** TASK DIRECTIONS **
Nothing but the lines from the one containing "Welsh Corgi Pembroke" through the last line of the records belongs in the answer, copied exactly and with the pictures left out.

SOURCE DATA: Begin

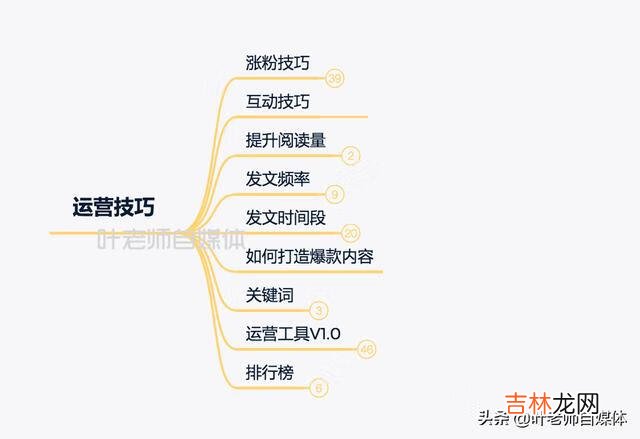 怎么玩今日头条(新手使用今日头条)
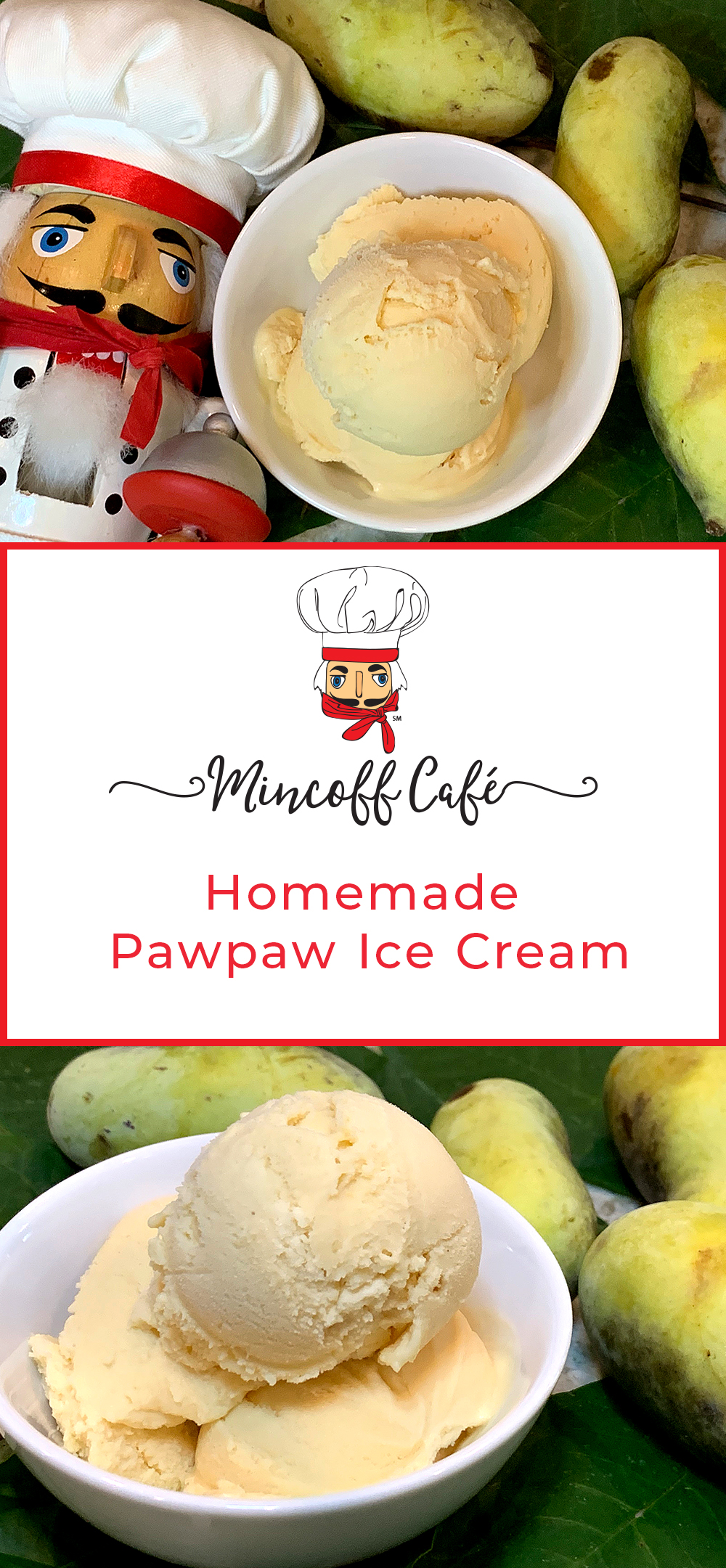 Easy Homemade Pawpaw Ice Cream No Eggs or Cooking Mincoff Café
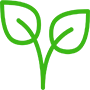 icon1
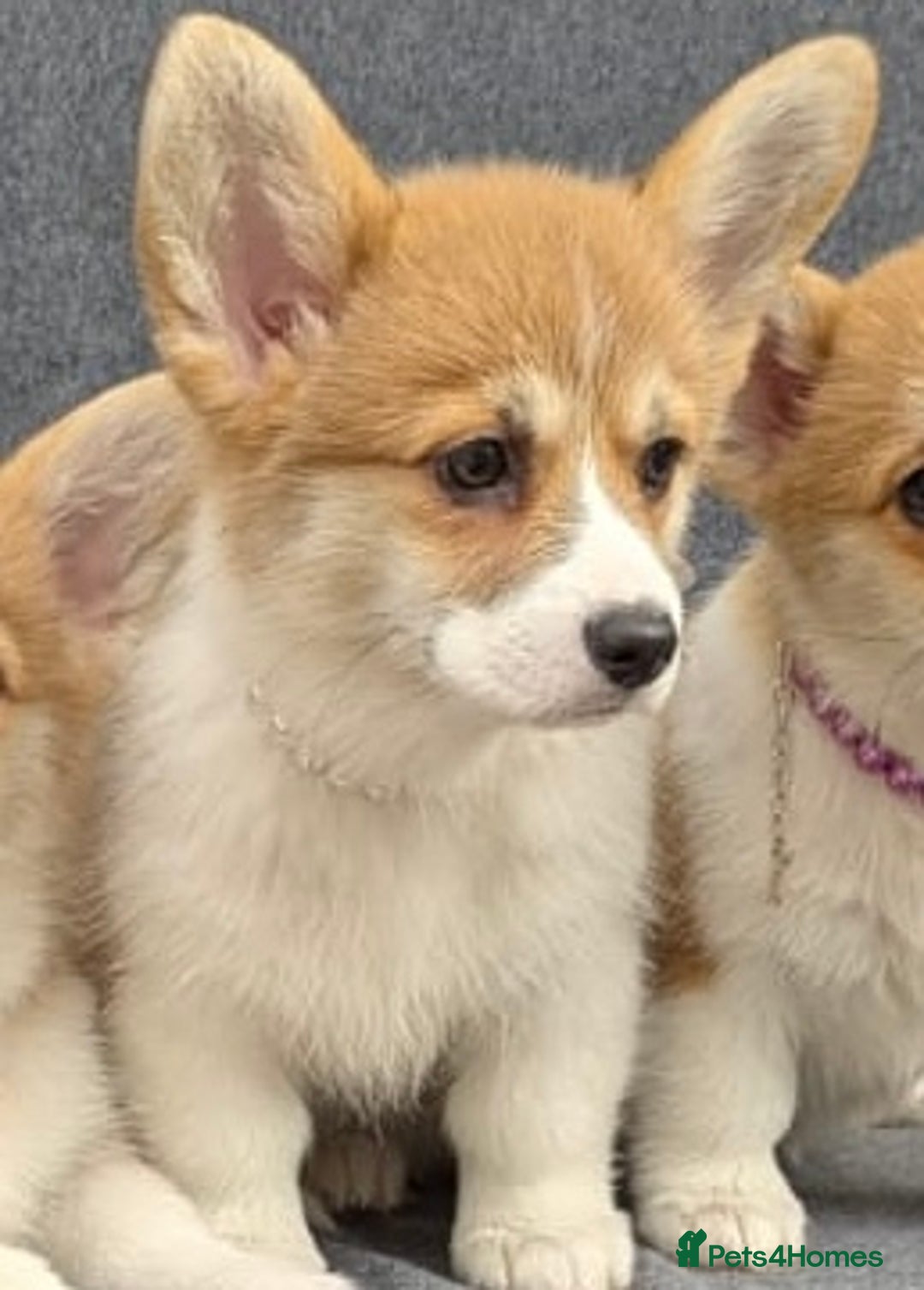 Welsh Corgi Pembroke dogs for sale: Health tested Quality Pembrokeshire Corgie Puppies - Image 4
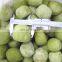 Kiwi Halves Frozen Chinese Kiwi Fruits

SOURCE DATA: End

** FINISHED EXERCISE **
 Welsh Corgi Pembroke dogs for sale: Health tested Quality Pembrokeshire Corgie Puppies - Image 4
 Kiwi Halves Frozen Chinese Kiwi Fruits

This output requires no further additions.